The way I see Free Market Capitalism is this: When have you ever had a difficult problem that got better by leaving it the fsck alone?
I think this is the core question. The answer is that these problems happen all the time. For example, there's a large category of perceived problems which aren't actual problems. For example, your claim that power companies don't "add value" when in the next sentence you state exactly the value they provide - power that _everyone_ wants. Since they are actually adding considerable value, the difficult problem of the valueless power companies is easily adverted by not having existed in the first place.
Second, there are the very difficult problems that aren't your problems. I find letting people work their difficult problems out on their own is the best solution here. Among other things, it's an educational experience that allows people to solve other difficult problems they face over the course of their lives.
`Then there's the difficult problem that one makes works by messing with it. For example:
Socialists basically say: Hey, the world is _fsckin'_ complex and it takes real hard work to make things run smoothly, and then a Socialist will start blathering on about all the things you need to do to make a system work.
In other words, the Socialist takes their one tool in the box and whacks on the problem happily. Then when the problem results in more problems (such as your DMV example where the supposed "anti-gov't types" fail to behave according to script), there's more targets to whack on. The top-down strategy common to socialism results in all sorts of problems due to both the ignorance and venality of the policy makers as well as the crude nature of the tools.
There is a standard destructive spiral that socialism gets in. First, they create a public good. Then when the rest of the world behaves in a way as to overconsume the public good, the standard tragedy of the commons phenomenon, then a bureaucracy is set up to regulate the consumption of the public good and starts doing its own thing. Then the cycle repeats, this time with a sliver of the society trapped in this bit of waste.
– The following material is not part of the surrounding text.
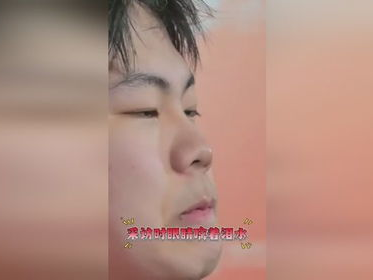 松岛辉空泪洒赛场，英勇拼搏背后的心酸瞬间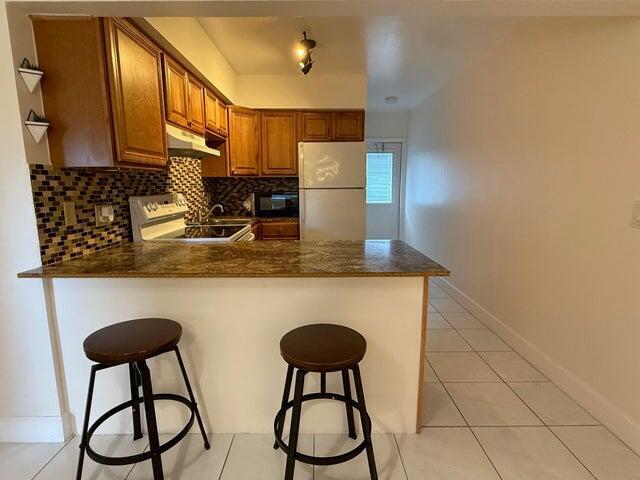 Building Photo - 3850 NE 21st Way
This is exactly a place where relatively free markets excel.
Finally, there is the continued contradiction of growing an ever more complex, opaque, powerful, and unaccountable government while saying "Sure, you have to keep an eye on things". No, you aren't keeping an eye on things. You are growing one of the largest problems of societies, known since we first had civilizations. You don't have to "keep an eye" on markets like you do on bureaucracies, whether government-based or otherwise, who have little stake in doing their job.
Don't give any poverty 'victims' anything but a CHANCE to succeed. Redistributing wealth does NOT mean handing out anything but advice on how to hold on to your money and invest like rich people do. You know, in a place like public school??? Why aren't we told about falling under the credit 'thumb of life' there? A hand up not a hand out. Get real you whinners. I donated $10 to Bernie for a statement. He has a chance if he opposes the status quo. Everyone knows we HAVE to do SOMETHING to fix our (best government corporate money can buy.)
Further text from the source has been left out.